El poder político es una relación, no una cosa. Esa relación, que supone credibilidad y confianza, es el aglutinante de todo gobierno.
C. P. Snow preguntó a Mao qué se necesitaba para gobernar. "Un ejército popular, alimento suficiente y confianza del pueblo en sus gobernantes", respondió Mao. "Si sólo tuviera una de las tres cosas, ¿cuál preferiría?", preguntó Snow. "Puedo prescindir del ejército. La gente puede apretarse los cinturones por un tiempo. Pero sin su confianza no es posible gobernar".
Por algún tiempo más Ulises Ruiz podría seguir abusando de la paciencia del pueblo oaxaqueño. Pero ya nunca podrá gobernarlo: ha perdido su confianza.
Oaxaca configura así un ejemplo extremo del extraño fenómeno del desvanecimiento del poder político. No es la forma más adecuada de la transición y plantea muchos riesgos, pero también está cuajada de oportunidades.
El poder se desvanece en México porque lo destruyen o desprecian las clases políticas que lo detentan, mientras la gente les retira su confianza.
Pocos podrían sostener públicamente, en México, la postura de un subordinado del presidente Bush: "No tengo nada contra el gobierno. Sólo quiero reducirlo a un tamaño en que pueda echarlo por el excusado y jalar la palanca". Pero muchos funcionarios de administraciones recientes comparten esa actitud. Disuelven sistemáticamente los aparatos del Estado y las funciones a que corresponden. A veces operan abiertamente la demolición, como en el caso de Conasupo o las privatizaciones. Otras veces es subrepticia. Como no pudo vender Pemex, Fox buscó llevarla a la quiebra. Falló también en eso, pero avanzó bastante por ese camino. Pemex logró este año una doble marca histórica: los más altos ingresos y las más bajas inversiones. Su deuda es ya insoportable.

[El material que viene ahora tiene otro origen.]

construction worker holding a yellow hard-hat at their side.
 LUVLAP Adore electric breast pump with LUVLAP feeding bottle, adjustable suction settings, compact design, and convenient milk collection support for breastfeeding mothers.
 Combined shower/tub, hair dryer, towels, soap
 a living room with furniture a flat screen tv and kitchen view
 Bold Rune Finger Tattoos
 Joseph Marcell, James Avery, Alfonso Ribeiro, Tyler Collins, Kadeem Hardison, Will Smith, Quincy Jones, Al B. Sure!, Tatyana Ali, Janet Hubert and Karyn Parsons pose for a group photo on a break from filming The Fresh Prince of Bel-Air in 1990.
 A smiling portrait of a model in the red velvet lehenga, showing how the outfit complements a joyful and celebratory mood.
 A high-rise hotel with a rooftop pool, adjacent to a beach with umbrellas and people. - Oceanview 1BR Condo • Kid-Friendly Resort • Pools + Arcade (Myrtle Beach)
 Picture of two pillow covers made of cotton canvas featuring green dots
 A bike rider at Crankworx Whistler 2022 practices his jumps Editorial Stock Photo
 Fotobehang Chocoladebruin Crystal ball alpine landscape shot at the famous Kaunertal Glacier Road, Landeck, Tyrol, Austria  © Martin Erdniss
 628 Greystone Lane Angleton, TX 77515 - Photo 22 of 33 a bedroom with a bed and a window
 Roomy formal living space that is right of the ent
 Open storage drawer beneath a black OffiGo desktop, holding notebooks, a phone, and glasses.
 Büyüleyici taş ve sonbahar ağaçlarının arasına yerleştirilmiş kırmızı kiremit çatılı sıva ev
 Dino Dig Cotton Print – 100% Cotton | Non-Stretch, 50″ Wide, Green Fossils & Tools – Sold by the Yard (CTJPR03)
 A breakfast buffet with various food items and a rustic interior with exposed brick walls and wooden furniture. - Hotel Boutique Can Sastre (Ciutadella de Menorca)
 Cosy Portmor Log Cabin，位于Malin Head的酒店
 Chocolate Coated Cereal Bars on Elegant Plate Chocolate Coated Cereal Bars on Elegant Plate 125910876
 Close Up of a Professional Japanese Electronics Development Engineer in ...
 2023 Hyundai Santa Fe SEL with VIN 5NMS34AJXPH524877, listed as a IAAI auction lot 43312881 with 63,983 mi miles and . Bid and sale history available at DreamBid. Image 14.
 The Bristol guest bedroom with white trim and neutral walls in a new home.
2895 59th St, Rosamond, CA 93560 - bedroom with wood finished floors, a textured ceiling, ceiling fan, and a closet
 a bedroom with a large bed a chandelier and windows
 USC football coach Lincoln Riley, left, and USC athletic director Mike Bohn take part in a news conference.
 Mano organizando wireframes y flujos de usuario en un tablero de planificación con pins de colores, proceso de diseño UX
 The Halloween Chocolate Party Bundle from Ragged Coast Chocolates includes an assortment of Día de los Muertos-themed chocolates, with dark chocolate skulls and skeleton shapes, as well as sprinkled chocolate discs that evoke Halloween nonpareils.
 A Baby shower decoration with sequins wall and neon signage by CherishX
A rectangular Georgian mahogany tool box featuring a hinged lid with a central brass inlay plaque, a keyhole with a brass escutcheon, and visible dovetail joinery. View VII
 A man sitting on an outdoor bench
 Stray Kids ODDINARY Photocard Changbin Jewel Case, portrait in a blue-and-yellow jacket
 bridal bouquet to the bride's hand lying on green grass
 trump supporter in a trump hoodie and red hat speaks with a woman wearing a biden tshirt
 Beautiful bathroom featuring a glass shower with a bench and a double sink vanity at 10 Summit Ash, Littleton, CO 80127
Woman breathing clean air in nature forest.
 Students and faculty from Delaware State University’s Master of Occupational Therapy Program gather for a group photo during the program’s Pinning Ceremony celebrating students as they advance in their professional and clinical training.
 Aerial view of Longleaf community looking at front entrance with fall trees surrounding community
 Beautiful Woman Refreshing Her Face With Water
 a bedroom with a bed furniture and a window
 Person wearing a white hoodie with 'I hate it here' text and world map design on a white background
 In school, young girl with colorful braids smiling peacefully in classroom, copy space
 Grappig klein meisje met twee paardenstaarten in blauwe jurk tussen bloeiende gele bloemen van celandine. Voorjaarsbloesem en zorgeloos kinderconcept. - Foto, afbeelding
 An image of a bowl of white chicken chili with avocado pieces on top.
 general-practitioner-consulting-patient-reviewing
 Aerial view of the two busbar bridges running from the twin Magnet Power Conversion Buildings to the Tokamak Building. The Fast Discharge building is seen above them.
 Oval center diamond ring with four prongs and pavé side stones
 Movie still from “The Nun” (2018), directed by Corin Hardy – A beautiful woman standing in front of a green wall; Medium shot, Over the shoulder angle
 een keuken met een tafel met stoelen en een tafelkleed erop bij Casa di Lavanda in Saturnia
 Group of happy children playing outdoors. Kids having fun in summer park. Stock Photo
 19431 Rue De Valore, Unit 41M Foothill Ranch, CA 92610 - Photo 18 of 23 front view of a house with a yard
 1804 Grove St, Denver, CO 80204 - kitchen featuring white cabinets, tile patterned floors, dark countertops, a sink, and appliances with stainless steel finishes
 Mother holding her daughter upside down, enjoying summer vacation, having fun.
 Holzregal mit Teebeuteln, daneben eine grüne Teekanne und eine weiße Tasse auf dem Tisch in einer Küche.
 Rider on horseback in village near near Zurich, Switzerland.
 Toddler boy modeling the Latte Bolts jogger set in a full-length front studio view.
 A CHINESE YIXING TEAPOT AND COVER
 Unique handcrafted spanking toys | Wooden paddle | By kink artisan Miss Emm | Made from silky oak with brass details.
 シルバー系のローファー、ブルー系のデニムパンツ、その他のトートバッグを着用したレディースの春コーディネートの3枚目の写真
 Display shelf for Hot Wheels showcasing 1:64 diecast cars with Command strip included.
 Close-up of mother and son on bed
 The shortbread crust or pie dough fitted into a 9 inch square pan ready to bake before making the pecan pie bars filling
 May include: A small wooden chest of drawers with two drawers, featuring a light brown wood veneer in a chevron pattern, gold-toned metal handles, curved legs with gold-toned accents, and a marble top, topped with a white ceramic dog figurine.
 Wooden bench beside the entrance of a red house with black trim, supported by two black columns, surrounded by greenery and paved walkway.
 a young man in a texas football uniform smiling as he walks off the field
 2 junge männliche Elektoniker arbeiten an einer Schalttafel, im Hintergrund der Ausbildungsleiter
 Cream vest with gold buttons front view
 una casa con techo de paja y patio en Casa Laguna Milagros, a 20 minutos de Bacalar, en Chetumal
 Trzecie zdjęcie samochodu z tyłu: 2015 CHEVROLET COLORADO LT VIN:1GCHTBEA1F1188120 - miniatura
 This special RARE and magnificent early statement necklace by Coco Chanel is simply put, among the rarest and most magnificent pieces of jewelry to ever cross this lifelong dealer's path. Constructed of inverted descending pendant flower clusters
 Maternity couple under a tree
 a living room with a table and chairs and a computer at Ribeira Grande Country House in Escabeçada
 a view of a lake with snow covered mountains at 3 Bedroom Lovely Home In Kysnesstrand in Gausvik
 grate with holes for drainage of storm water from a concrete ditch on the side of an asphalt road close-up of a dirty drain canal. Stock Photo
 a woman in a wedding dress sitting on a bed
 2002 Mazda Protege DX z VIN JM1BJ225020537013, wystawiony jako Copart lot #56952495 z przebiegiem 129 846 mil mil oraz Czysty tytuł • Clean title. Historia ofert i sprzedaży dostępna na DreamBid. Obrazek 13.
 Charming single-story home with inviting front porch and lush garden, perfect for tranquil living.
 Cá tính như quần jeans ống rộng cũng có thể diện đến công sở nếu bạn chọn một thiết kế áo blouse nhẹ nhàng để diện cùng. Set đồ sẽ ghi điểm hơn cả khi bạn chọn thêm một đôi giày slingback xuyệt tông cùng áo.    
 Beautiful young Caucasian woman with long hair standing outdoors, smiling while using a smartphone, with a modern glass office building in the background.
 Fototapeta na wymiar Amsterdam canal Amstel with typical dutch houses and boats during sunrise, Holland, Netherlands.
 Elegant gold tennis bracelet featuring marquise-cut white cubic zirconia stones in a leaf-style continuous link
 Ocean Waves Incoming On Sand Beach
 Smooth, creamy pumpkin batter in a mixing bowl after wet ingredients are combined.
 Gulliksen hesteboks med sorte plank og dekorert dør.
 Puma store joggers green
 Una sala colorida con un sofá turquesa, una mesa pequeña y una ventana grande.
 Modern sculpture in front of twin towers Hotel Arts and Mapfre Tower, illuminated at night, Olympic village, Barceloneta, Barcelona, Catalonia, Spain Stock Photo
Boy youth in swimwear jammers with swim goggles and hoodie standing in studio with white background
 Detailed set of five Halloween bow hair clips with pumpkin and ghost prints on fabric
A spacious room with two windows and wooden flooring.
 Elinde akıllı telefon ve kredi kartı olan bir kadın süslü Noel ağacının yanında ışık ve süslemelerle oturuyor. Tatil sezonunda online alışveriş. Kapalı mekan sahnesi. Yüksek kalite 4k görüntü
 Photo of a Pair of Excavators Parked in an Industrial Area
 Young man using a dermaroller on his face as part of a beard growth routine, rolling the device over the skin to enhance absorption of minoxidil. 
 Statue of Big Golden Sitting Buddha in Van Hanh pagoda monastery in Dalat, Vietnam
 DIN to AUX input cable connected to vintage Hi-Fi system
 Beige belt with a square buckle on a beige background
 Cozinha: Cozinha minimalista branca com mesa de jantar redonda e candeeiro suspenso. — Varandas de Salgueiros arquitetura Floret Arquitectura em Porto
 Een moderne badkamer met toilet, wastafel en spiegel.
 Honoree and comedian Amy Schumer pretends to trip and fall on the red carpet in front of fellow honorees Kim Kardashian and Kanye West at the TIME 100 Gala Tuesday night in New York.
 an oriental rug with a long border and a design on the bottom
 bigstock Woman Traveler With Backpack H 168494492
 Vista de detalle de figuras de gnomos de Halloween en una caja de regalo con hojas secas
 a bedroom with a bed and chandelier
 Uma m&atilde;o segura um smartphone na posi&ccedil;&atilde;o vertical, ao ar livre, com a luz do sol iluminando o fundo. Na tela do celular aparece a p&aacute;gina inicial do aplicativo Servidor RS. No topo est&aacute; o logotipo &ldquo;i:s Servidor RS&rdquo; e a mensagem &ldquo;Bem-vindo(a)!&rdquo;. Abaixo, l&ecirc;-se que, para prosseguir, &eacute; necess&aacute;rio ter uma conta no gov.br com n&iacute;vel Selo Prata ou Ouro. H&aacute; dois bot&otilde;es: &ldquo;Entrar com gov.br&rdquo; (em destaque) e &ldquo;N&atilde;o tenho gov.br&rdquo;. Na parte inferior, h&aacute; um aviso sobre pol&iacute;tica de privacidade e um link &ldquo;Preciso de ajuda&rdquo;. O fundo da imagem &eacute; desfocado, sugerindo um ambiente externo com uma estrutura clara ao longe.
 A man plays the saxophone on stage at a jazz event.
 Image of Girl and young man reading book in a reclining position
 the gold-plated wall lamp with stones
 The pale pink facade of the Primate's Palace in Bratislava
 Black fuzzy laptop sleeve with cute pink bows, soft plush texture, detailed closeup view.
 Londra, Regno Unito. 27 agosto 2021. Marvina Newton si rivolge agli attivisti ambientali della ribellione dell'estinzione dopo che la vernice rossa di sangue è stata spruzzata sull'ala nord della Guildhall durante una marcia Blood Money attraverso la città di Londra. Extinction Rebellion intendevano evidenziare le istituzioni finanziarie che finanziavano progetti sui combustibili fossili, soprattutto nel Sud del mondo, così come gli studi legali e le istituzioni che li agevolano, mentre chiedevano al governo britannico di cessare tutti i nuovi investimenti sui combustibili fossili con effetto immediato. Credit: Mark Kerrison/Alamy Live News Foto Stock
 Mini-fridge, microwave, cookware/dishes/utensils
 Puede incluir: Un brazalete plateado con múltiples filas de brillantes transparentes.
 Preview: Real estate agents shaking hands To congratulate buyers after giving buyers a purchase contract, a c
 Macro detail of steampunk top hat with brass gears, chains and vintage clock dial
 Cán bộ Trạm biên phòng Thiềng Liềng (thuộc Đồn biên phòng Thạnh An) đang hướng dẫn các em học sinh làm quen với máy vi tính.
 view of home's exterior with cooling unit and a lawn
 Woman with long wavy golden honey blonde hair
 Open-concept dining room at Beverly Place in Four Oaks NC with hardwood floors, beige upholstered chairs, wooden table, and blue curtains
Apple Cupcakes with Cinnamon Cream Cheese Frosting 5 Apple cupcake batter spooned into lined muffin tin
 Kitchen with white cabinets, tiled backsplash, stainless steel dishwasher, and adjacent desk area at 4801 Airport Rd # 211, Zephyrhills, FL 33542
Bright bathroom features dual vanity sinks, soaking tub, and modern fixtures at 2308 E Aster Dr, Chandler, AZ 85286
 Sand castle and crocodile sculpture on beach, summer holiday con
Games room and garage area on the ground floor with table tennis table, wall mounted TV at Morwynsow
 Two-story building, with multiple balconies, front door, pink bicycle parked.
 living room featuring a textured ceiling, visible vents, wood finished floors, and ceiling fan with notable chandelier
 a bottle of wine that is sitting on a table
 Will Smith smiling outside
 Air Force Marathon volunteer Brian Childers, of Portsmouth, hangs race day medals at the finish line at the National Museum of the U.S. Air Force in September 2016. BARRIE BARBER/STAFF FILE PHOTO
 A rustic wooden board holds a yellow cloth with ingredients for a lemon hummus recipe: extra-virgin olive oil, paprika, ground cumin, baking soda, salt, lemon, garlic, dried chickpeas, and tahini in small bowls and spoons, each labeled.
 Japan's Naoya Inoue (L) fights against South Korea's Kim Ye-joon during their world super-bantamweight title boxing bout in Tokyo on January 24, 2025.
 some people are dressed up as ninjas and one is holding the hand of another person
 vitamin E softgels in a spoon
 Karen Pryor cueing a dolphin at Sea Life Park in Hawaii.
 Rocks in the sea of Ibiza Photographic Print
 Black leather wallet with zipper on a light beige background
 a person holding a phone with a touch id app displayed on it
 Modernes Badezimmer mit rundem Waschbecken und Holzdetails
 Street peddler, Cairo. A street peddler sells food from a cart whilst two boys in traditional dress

Para destruir el poder que les queda las clases políticas desertan de la función pública y desafían la voluntad mayoritaria. No hay mejor ejemplo que la reforma constitucional en materia indígena. A pesar de un apoyo público sin precedentes, el gobierno federal no hizo honor a su firma, el Congreso aprobó una contrarreforma y la Suprema Corte se lavó las manos. Los tres poderes constituidos incumplieron su función.
Las resoluciones del Trife sobre Oaxaca y la elección presidencial entraron ya con honores al museo del horror de la cultural judicial mexicana. En los dos casos reconoció el cochinero. En el primero se lavó olímpicamente las manos: adujo, contra su propia jurisprudencia, que no debía inmiscuirse en la elección que hizo gobernador ilegítimo a Ulises Ruiz. En la elección presidencial tuvo que realizar innumerables contorsiones para disimular la contradicción: reconocer las causales de nulidad y negarlas, renunciando así a su función pública.
El Senado incumple su obligación al negarse a certificar la desaparición de poderes en Oaxaca. No puede siquiera designar una comisión que examine la situación.
El desvanecimiento del poder político aviva la amenaza de represión. Existe el prejuicio de que la gobernabilidad puede crearse o restablecerse recurriendo al monopolio estatal de la violencia. Es un equívoco propio de aficionados.
Dos hombres de inmenso poder, Mao y Napoleón, lo sabían por experiencia. Mao prefería la confianza al ejército. Napoleón fue más contundente: "Las bayonetas sirven para muchas cosas, pero no para sentarse en ellas". Descalificaba así a los aprendices de dictador que pretendían gobernar con el ejército o la policía. Las armas pueden hacer mucho daño, hasta destruir un país -como acaba de verse en Irak o Líbano-, pero con ellas no se puede gobernar.
La Asamblea Popular de los Pueblos de Oaxaca ha resistido sabiamente la tentación de intentar el asalto al poder. Se apega a otras tradiciones, que emanan de las comunidades indias. Genera cotidianamente nuevas formas de relación entre la gente y quienes coordinan por ahora los empeños colectivos. No intenta encaramarse al sitio de quien abusó del poder para cometer todo género de tropelías irracionales. Busca fortalecer el sólido tejido social de los oaxaqueños y hacer valer su dignidad y autonomía. Tipifica así el momento que hoy caracteriza a los movimientos populares. En vez de la fallida tradición de tomar el poder, reproduciendo estructuras de dominación, los bandos de buen gobierno y las proclamas de la APPO son apelaciones ciudadanas a hombres libres y dignos que están enfrentando con ingenio sorprendente, valentía inmensa y una notable sensatez circunstancias de enorme complejidad. Se trata de reconstruir la sociedad desde su base, generando nuevas relaciones sociales.
Como dicen los zapatistas, cambiar el mundo es muy difícil, si no imposible. Una actitud pragmática exige construir un nuevo mundo. De eso se ocupan hoy los oaxaqueños.